● **Problem description**:
Here is the task for the listing below: output exactly the lines from the one containing "Pair des Niedlichen" through the one containing "Bowery Hill Contemporary", and leave out the pictures.

● **Recorded information**:

———

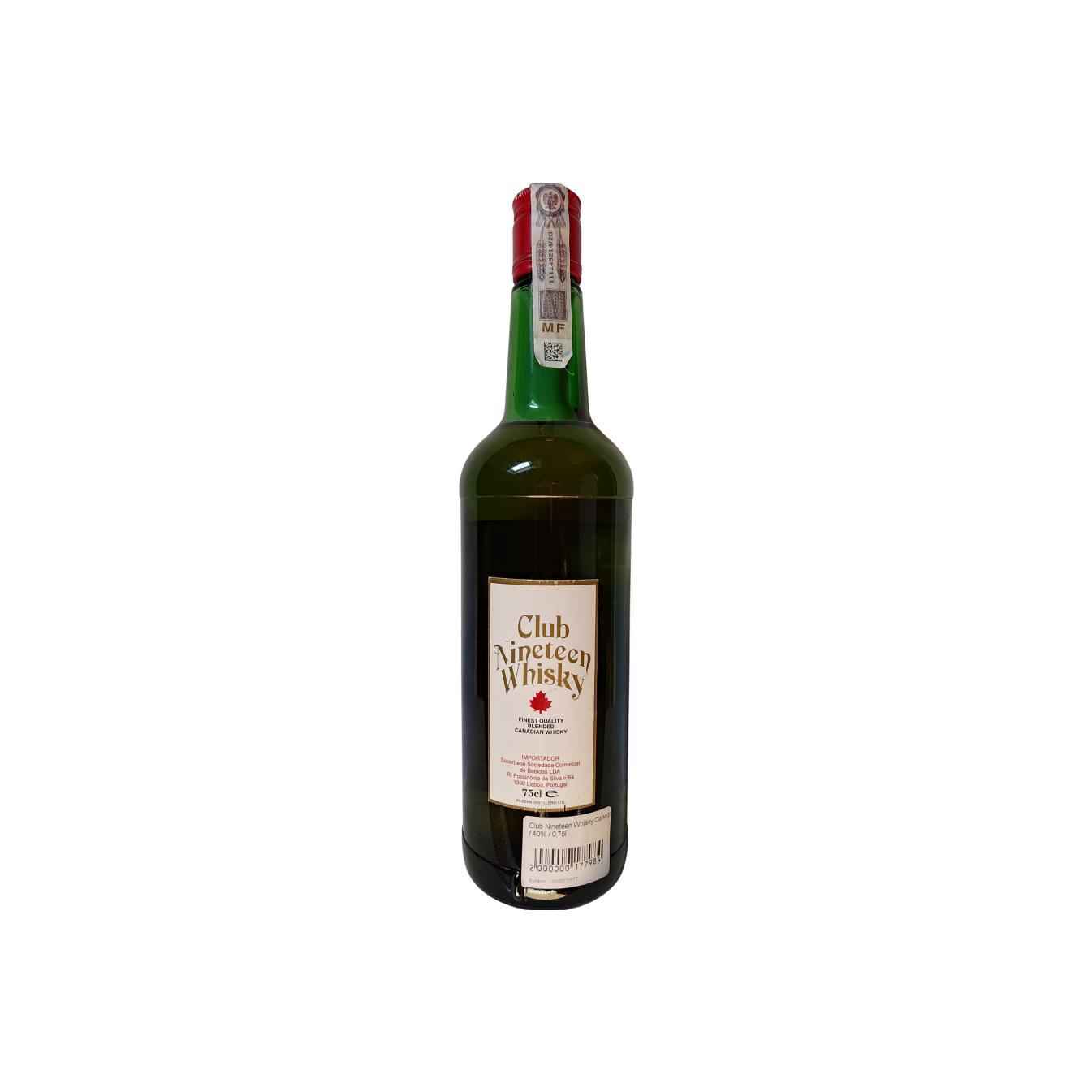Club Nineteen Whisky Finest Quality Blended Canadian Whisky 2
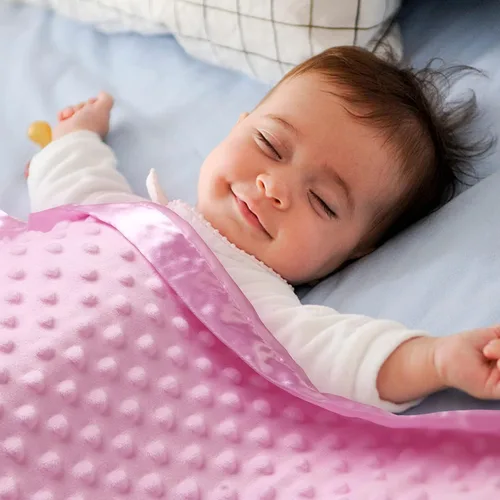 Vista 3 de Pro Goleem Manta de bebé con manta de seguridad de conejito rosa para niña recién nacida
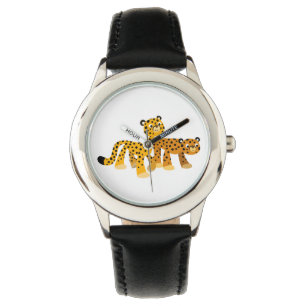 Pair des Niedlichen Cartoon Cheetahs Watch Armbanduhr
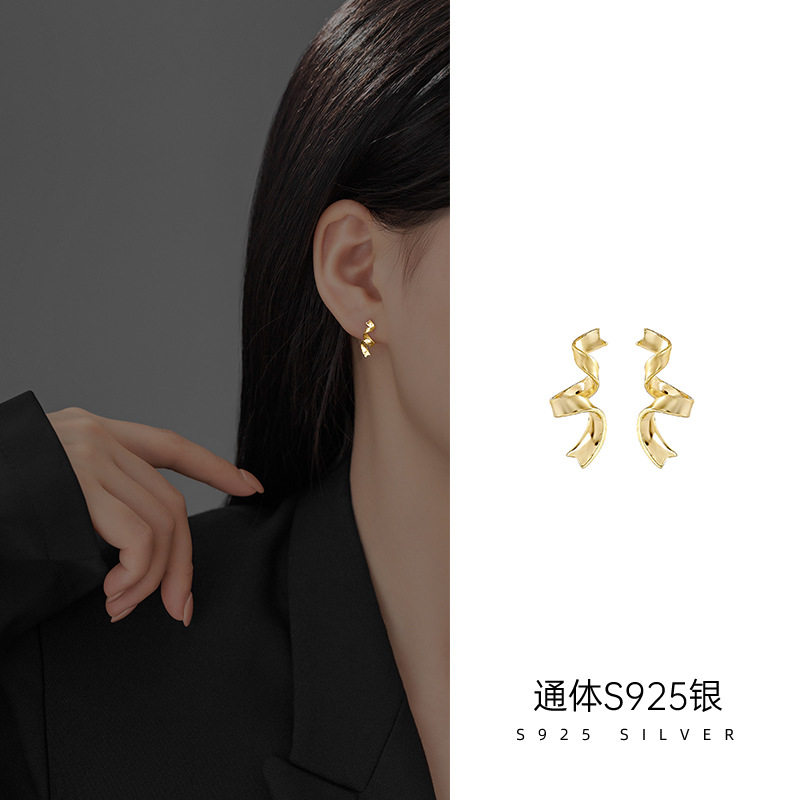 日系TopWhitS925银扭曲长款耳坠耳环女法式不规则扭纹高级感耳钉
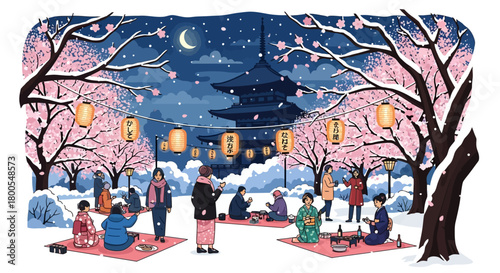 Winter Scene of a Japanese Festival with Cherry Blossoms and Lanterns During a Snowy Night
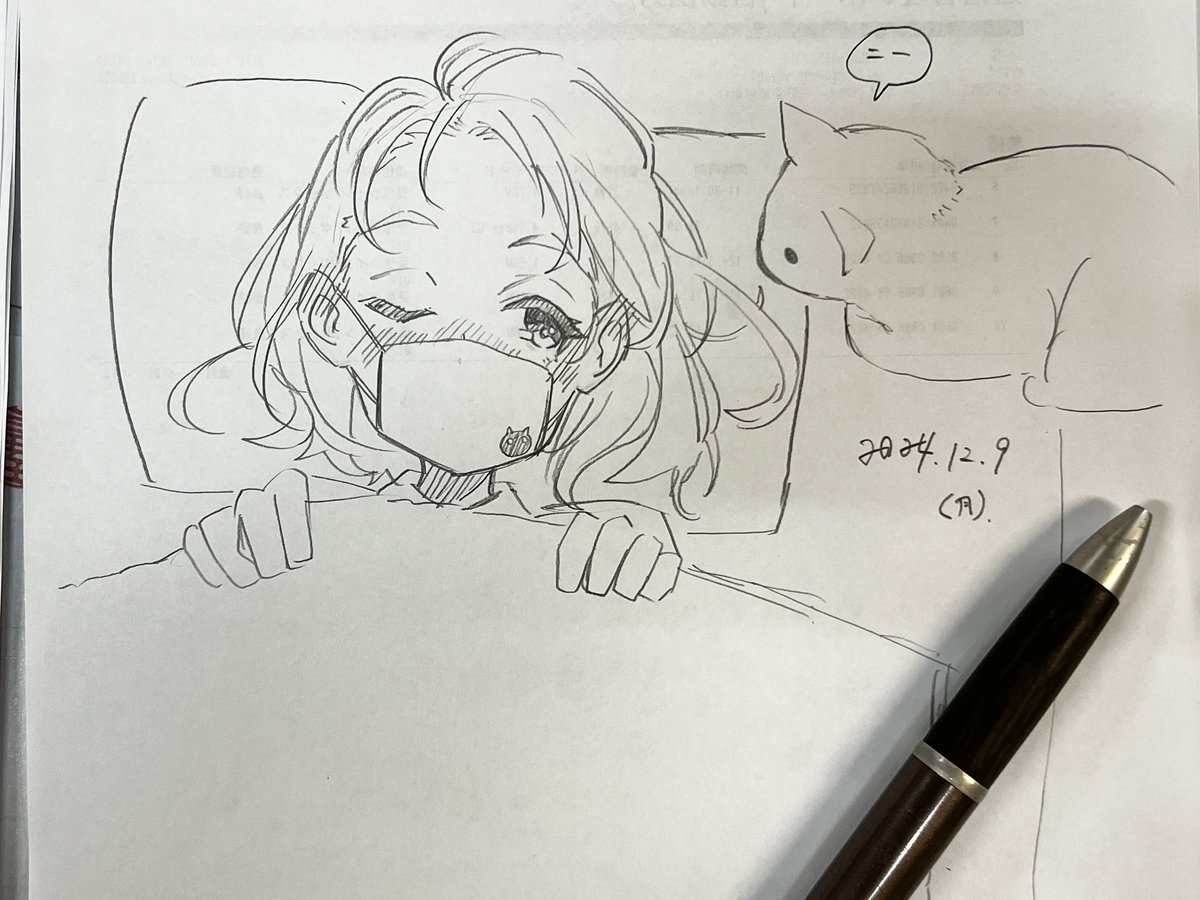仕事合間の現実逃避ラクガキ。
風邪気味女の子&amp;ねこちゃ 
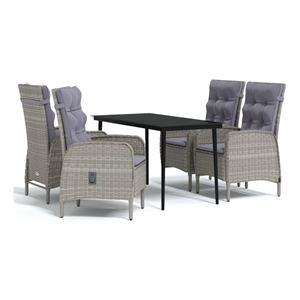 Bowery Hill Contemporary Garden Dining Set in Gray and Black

———

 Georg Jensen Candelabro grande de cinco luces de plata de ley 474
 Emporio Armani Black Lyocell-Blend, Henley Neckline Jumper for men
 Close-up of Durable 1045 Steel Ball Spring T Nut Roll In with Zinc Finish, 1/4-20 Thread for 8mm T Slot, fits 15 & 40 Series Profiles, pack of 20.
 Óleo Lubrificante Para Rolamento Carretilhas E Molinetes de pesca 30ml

———

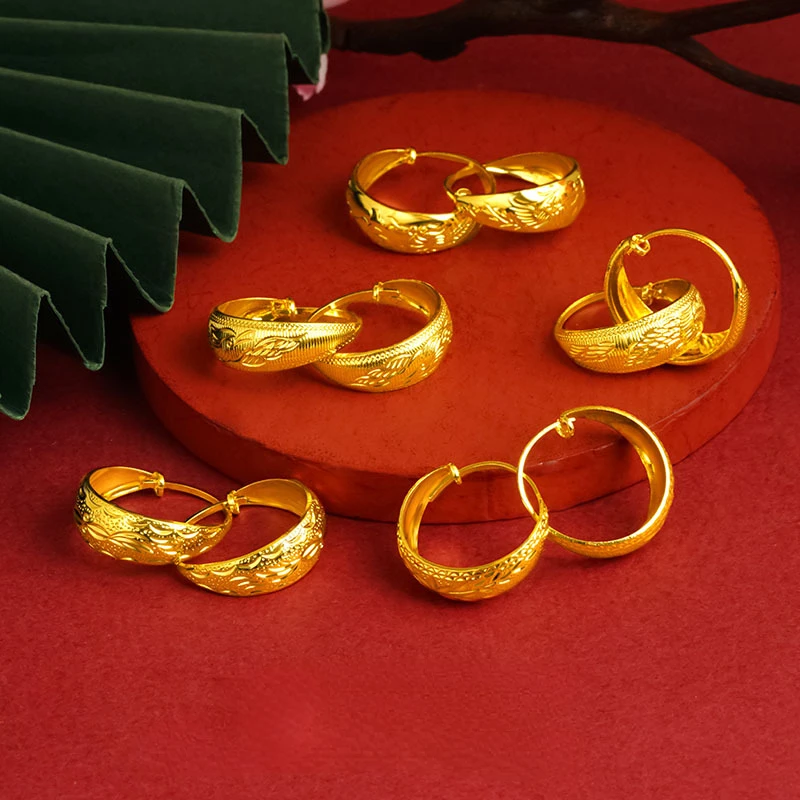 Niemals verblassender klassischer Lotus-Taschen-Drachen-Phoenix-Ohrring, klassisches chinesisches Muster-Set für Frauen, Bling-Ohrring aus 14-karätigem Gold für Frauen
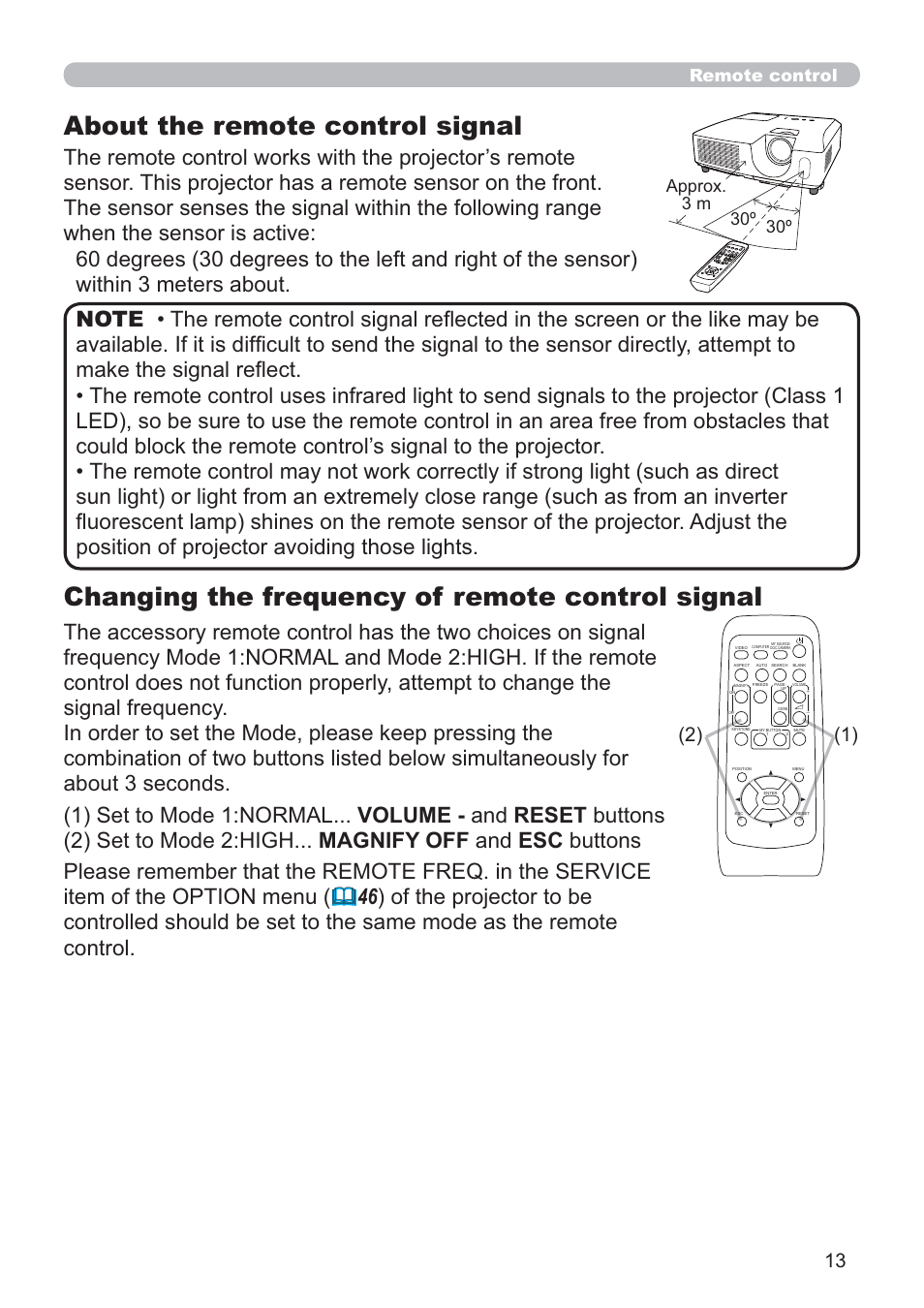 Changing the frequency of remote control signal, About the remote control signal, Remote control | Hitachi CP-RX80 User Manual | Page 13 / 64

———

● **Reply**:
 Pair des Niedlichen Cartoon Cheetahs Watch Armbanduhr
 日系TopWhitS925银扭曲长款耳坠耳环女法式不规则扭纹高级感耳钉
 Winter Scene of a Japanese Festival with Cherry Blossoms and Lanterns During a Snowy Night
仕事合間の現実逃避ラクガキ。
風邪気味女の子&amp;ねこちゃ 
 Bowery Hill Contemporary Garden Dining Set in Gray and Black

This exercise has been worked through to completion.